Mes débuts de voyageuse ordinaire désorganisée.

J’avais 20 ans, l’âge où tu crois que le monde t’attend les bras ouverts alors qu’en réalité, il te regarde juste en silence, un sourcil levé. J’étais en plein trip de voyage, convaincue que j’étais prête pour l’aventure internationale. Spoiler : j’étais prête pour absolument rien.

J’atterris à Paris, fière comme si j’avais déjà accompli quelque chose. Je récupère ma valise, je respire l’air parisien (qui sentait surtout l’aéroport), et je me dis : Ça y est, je suis une vraie voyageuse. Puis je regarde l’adresse de mon hôtel.

Provence. Oui, la Provence. À des centaines de kilomètres. Dans une autre région. À l’autre bout du pays.

Après avoir paniqué deux minutes, j’ai fait ce que toute personne raisonnable ferait : j’ai appelé le premier hôtel du bord, l’Ibis à côté de l’aéroport d’Orly. Le glamour incarné. J’ai demandé une chambre comme si j’étais une femme d’affaires pressée, alors qu’en réalité, j’étais juste une nobody désorientée qui venait de découvrir que la géographie, c’est important.

Une fois installée dans mon palace improvisé avec vue sur le stationnement, j’ai décidé d’aller explorer. Je n’ai aucun sens de l’orientation. Aucun. Mais comme je suis presque brillante, j’ai élaboré une stratégie : aller toujours tout droit, puis revenir sur mes pas. Simple. Logique. Infaillible.

Sauf que Paris, évidemment, n’est pas faite en ligne droite. Paris est faite en arrondissements, en rues qui tournent, qui bifurquent, qui se divisent, qui te jugent et qui t’égarent. Résultat : je me suis perdue. Encore. Mais cette fois avec une confiance ridicule.

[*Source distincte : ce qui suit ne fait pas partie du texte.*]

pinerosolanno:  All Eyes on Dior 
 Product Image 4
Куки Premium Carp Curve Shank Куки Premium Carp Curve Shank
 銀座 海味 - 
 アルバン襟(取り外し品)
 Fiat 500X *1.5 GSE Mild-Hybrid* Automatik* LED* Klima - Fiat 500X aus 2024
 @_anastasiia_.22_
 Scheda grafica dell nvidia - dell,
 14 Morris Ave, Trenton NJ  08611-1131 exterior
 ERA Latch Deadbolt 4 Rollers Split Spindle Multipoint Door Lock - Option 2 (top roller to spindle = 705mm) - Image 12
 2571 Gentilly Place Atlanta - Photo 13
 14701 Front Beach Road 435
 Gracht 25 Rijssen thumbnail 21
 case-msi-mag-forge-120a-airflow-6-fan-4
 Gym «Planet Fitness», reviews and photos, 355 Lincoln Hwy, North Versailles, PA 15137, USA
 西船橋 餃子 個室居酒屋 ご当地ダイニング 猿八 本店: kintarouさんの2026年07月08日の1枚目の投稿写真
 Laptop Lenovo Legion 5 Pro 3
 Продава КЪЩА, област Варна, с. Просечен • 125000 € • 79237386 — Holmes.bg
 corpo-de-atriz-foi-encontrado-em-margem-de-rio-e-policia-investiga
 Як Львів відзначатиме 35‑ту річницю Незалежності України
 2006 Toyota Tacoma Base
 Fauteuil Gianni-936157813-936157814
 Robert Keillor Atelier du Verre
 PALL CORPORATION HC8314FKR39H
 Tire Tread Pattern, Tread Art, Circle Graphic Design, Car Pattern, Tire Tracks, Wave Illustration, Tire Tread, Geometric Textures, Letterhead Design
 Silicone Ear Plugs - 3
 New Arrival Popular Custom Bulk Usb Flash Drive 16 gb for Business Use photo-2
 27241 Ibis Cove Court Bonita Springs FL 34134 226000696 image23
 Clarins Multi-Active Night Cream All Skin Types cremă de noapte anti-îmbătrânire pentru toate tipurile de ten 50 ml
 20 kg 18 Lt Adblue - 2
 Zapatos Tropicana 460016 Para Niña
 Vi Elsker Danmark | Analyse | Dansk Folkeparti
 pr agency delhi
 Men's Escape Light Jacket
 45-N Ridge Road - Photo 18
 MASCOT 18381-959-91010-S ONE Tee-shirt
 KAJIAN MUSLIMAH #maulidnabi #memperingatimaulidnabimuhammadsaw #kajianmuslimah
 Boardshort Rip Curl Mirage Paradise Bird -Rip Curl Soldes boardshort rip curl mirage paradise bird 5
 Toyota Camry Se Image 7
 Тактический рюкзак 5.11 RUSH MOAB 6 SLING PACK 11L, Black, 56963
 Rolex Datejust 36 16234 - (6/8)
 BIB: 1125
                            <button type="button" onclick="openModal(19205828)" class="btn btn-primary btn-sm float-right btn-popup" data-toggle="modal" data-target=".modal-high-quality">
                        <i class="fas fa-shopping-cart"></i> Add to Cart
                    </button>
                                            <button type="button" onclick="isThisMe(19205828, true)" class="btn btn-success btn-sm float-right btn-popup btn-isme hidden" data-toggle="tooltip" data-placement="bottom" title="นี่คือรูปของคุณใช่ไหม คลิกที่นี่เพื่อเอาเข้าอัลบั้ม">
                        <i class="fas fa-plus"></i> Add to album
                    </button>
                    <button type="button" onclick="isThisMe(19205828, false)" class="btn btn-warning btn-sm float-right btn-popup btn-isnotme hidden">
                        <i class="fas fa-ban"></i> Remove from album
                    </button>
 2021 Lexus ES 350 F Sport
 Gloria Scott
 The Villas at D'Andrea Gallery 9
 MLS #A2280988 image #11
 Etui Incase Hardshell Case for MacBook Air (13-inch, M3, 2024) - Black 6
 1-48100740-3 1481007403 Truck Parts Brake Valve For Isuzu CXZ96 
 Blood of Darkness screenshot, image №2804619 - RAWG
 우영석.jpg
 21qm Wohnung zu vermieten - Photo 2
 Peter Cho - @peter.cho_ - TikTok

Je me suis rendue à la station RER Antony, j’ai pris le premier train qui arrivait, et je suis descendue à une station dont le nom me semblait familier : Jardins du Luxembourg. Pourquoi? Aucune idée. Ça sonnait chic, c’était suffisant.

J’ai marché un bout, j’ai même descendu dans le métro pour vérifier si l’odeur infecte dont tout le monde parlait était vraie. C’était vrai. Mais bon, j’y suis allée avant même l’arrivée de l’Euro, pour situer dans le temps. Une époque où le métro sentait… eh bien, le métro pré‑Euro.

Bref, étant à Paris, je me suis dit que je devais aller voir la tour Eiffel. J’ai fini par m’y rendre, et arrivée devant, je me suis dit : « Ouin… c’est ça? C’est brun! » Quand tu la vois le jour, dans sa couleur naturelle, plutôt que le soir illuminée… ça change les affaires.

J’ai marché encore, je me suis perdue encore, et à un moment donné, j’ai pris un autobus au hasard en me disant : Je vais voir où je vais me rendre. Une vraie aventurière.

Heureusement, la deuxième journée, j’avais un guide : mon correspondant français. Pour une fois, j’étais pas perdue. J’ai découvert ce que ça fait de voyager comme une personne normale. Ça a duré quelques heures. C’était beau.

Mon moment fort de Paris, par contre? Pas la tour Eiffel. Pas les musées. Pas les monuments.

Le trafic autour de l’Arc de Triomphe. Un show. Une chorégraphie chaotique où les voitures se frôlent, s’évitent, se foncent presque dedans, mais sans jamais se toucher. J’étais fascinée. Ça, c’est du concret.

Et non, je ne suis pas allée au Louvre. Il y avait une file d’attente interminable, et aller là juste pour voir la Joconde? Bof. De toute façon, l’histoire m’emmerde et les musées aussi. Moi, j’aime le concret. J’aime toucher des affaires. Pas regarder un tableau derrière une vitre en me demandant si je suis censée ressentir quelque chose.

Et pire encore : j’ai détesté l’attitude générale des Parisiens. Comme tout le monde, finalement. Entre les soupirs, les yeux levés au ciel et les “c’est évident, madame”, disons que l’accueil n’était pas exactement chaleureux.

Mais malgré tout ça… C’était mon premier vrai voyage. Chaotique, désorganisé, drôle malgré moi. Et surtout : mémorable.